Amédée, c’est le personnage principal d’une pièce de théâtre à la mise en scène audacieuse, qui s’inspire librement de la fin tragique de Vincent Humbert, jeune garçon tétraplégique euthanasié par sa mère en 2003. Loin des idéologies, loin de la polémique médiatique qu’elle dénonce, cette pièce vient explorer la question de l’euthanasie au plus près des souffrances de chacun : du premier concerné, d’abord, mais aussi de tous ceux qui l’aiment, jusqu’à souhaiter sa mort. Ou sa vie.
Où est le bien ? Où est le mal ? « La pièce Amédée ne prétend pas trancher le débat mais – à partir d’une situation concrète bien que fictive – nourrir l’interrogation et la mettre en perspective », explique l’auteur, Côme de Bellescize. Il pose tout au long de l’intrigue cette question : « Doit-on reconnaître l’humain jusque dans les limites de son être et de sa vie ou y a-t-il un seuil, des seuils – ceux du tolérable – que la même dignité impose de ne pas franchir ? »
Pas de morale toute faite au bout de cette œuvre poétique et réaliste. Juste la vérité brute de femmes et d’hommes qui souffrent et qui cheminent au long de leur souffrance. Et passant tour à tour des yeux d’Amédée à ceux de ses proches, on en vient à toucher du bout des doigts l’imperceptible beauté qui reste dans la vie d’un corps sans vie.
La mère d’Amédée veut l’accompagner dans la mort comme elle lui a donné naissance, parce que, se mettant à la place de son fils, elle affirme qu’il n’y a plus espoir, ni gloire, ni sens à vivre une vie si limitée. L’amoureuse, elle, exige qu’il vive. Parce que restant à sa place, elle comprend qu’Amédée doit vivre sinon pour lui-même, pour ceux qui l’aiment. Parce que sa présence physique et tout ce qui fait sa personne leur est essentiel. Et que ce regard vient donner sens à tout.

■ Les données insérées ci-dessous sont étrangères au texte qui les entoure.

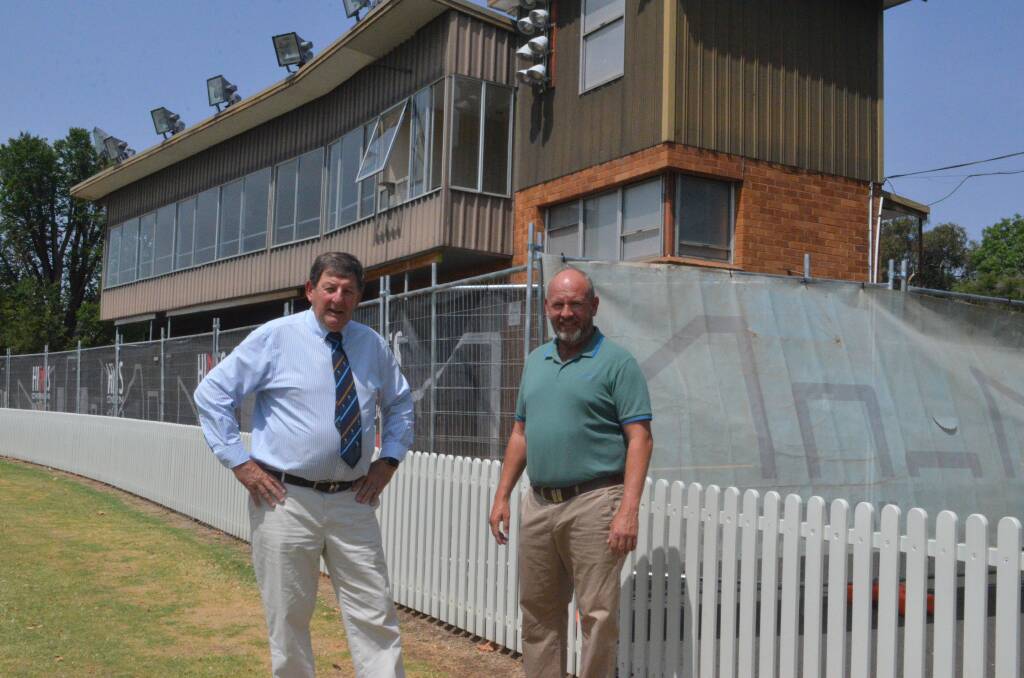 COMING DOWN: Councillors Reg Kidd and Jason Hamling in front of the buildings to make way for the indoor cricket centre. Photo: DAVID FITZSIMONS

Au centre de la scène, dans ce tourbillon, Amédée pleure. Un appel au secours. Un dernier personnage, complexe et rêveur, le capitaine des pompiers, se souvient des « petites bulles rouges » qui sortaient de sa bouche, alors qu’il gisait, aussi vivant que mort, dans les décombres de sa voiture explosée. Des « petites bulles rouges », signes imperceptibles de vie, pétillantes comme pour fêter la vie de celui qui devait mourir. Comme un seuil séparant le vivant de la mort. Des petites bulles de vie.